Thursday, May 22, 2014

Mexico Crude Needs New Markets as U.S. Exports Surge, Citi Says

By Adam Williams 
Mexico’s reliance on oil exports to its northern neighbor is being jeopardized by the U.S. shale boom, forcing suppliers to seek new buyers, Citigroup Inc. said.
Mexico, which exports about 880,000 barrels a day of crude to the U.S., is being “pushed out” by its chief trading partner as demand diminishes, according to Ed Morse, global head of commodities research at Citigroup in New York. U.S. imports of Mexican crude fell 13 percent to the lowest in more than 20 years in 2013 because of increased domestic production, according to the U.S. Energy Information Administration.
“Something’s got to give,” Morse said yesterday in an interview at the Institute of the Americas energy conference in La Jolla, California. “The U.S. has not been a good neighbor to Venezuela or Mexico in the way the shale revolution has unfolded.”
Production of tight oil and shale gas accounted for almost 90 percent of the U.S.’s crude growth the past two years as the country nears a historic high in output, according to the EIA. Hydrocarbons, including natural gas, crude and petrochemical exports, are now the country’s largest export product, Morse said. The U.S. is the world’s biggest exporter of petroleum products, he said.
State-owned Petroleos Mexicanos announced May 19 that it will send its first shipment of Olmeca light crude to Switzerland in July. Pemex, as the company is known, also announced shipments of light crude to Hawaii, Japan, India and California this year.

Increased Output

“Pemex has lost around 300,000 barrels of daily exports to the U.S. in the last few years and are certainly starting to make it up by selling Olmeca into Europe and the Pacific basin,” Morse said. “That can only go so far because their basic refining center is the U.S. Gulf of Mexico,” which limits market expansion, he said.
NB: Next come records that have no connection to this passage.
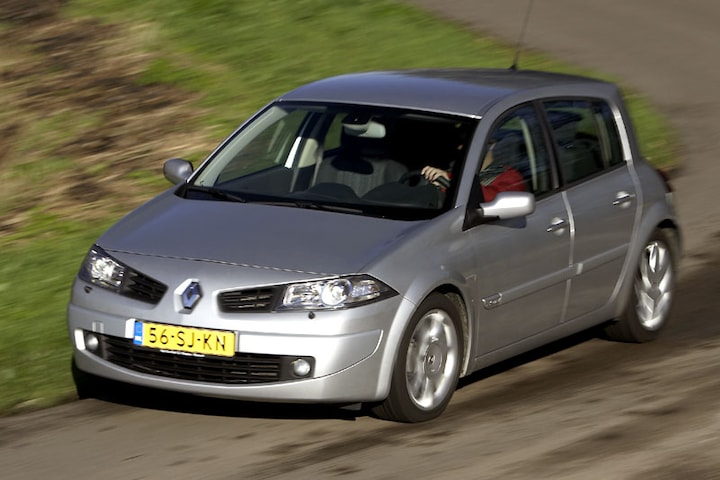 Рено меган 2 универсал фото Renault Mégane 2.0 16V Privilège (2007) Autotest - AutoWeek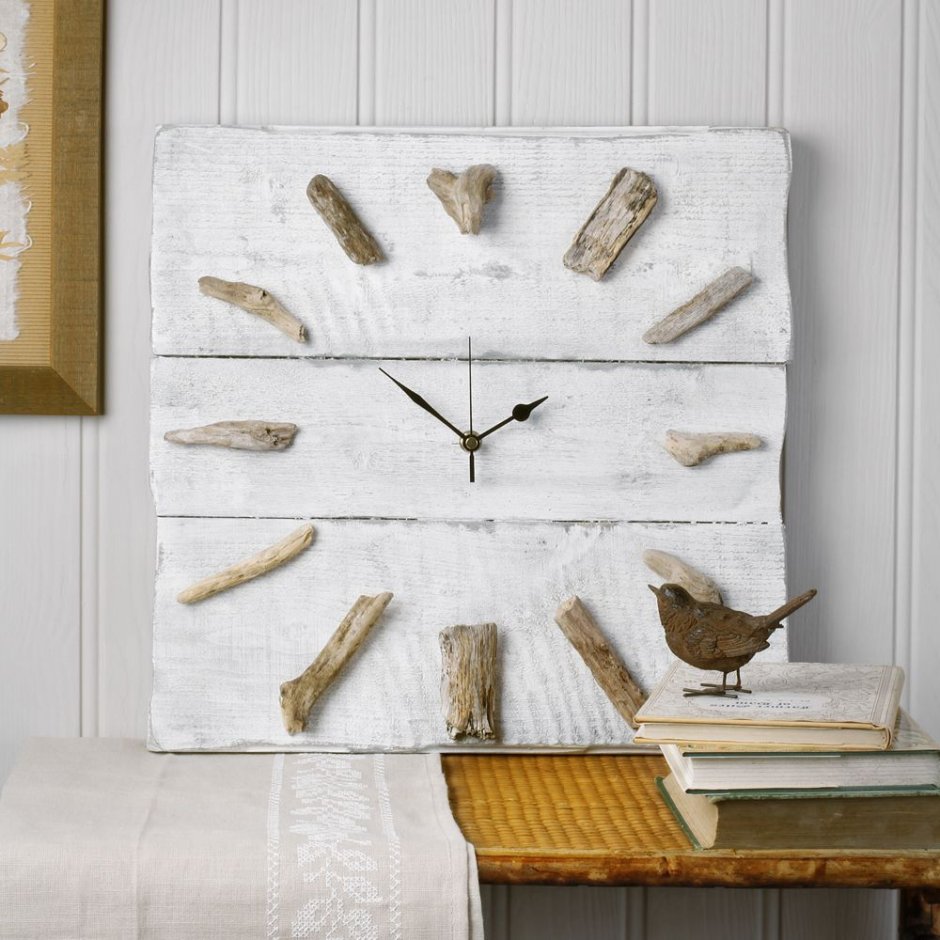 Часы настенные в скандинавском интерьере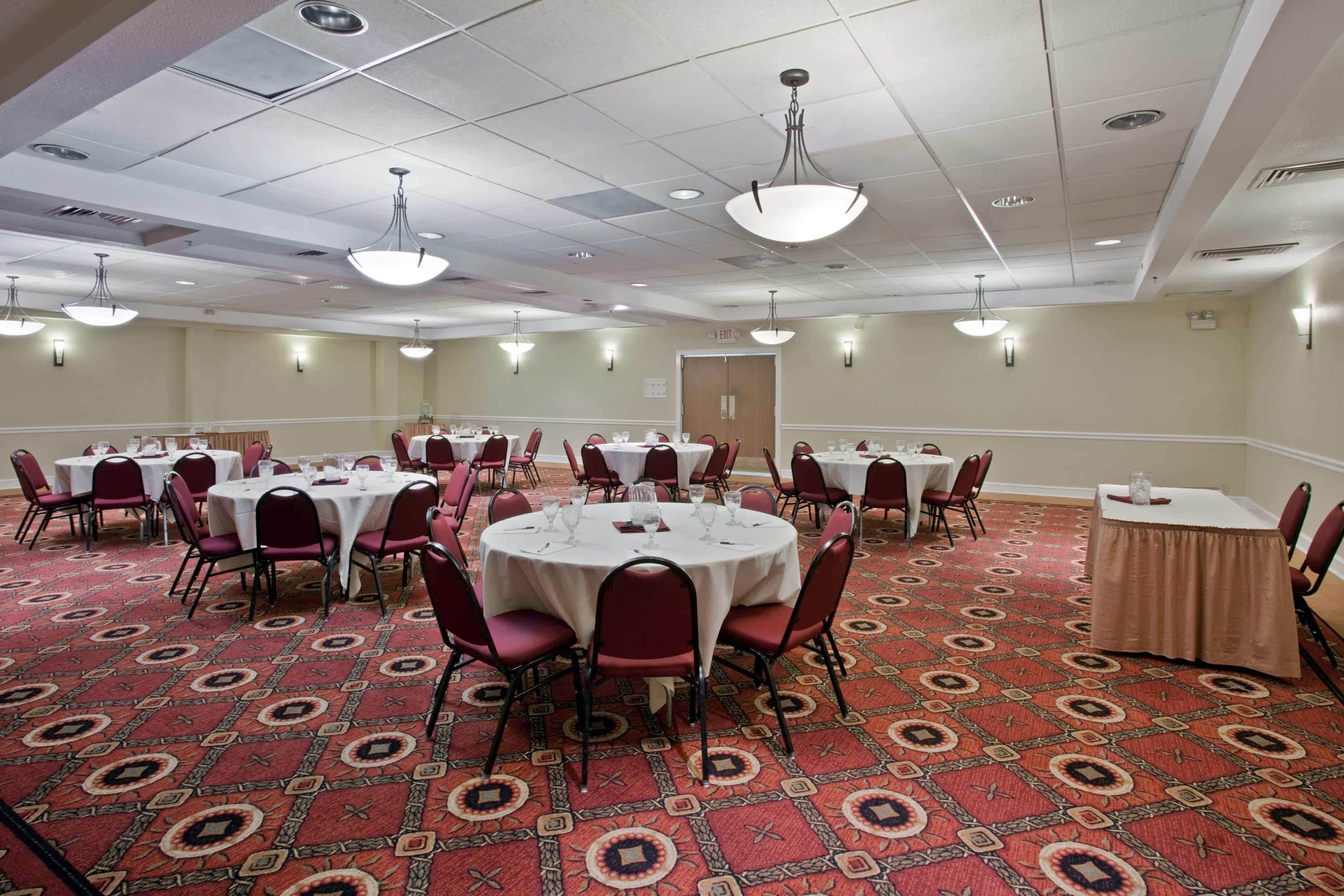 La Quinta Inn & Suites by Wyndham Downtown Conference Center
Mexico passed legislation last year to end Pemex’s 75-year oil-production monopoly and allow private companies to enter the energy industry. Pemex, which has seen oil output fall nine straight years to 2.5 million barrels per day from 3.3 million in 2004, is forecast by the government to add at least 1 million barrels to daily production by 2025.
Mexico could produce as much as 4 million barrels of oil a day if legislation is implemented appropriately and the industry is properly regulated, Morse said. The country needs to enforce stricter guidelines and transparency to ensure the safety of new investments, he said.
“The resource bases will not be the constraint to reaching that targeted level of production,” Morse said. Successful integration of foreign companies will depend on “whether the government can assure that companies can surmount business practices that are deemed to be illegal in most of the world.”


Mexico took control of oil services contractor Oceanografia SA on Feb. 28 after Citigroup alleged $400 million in loan fraud. The Ciudad del Carmen, Mexico-based company, which provides maintenance and support services for offshore oil projects, receives most of its sales from Pemex contracts.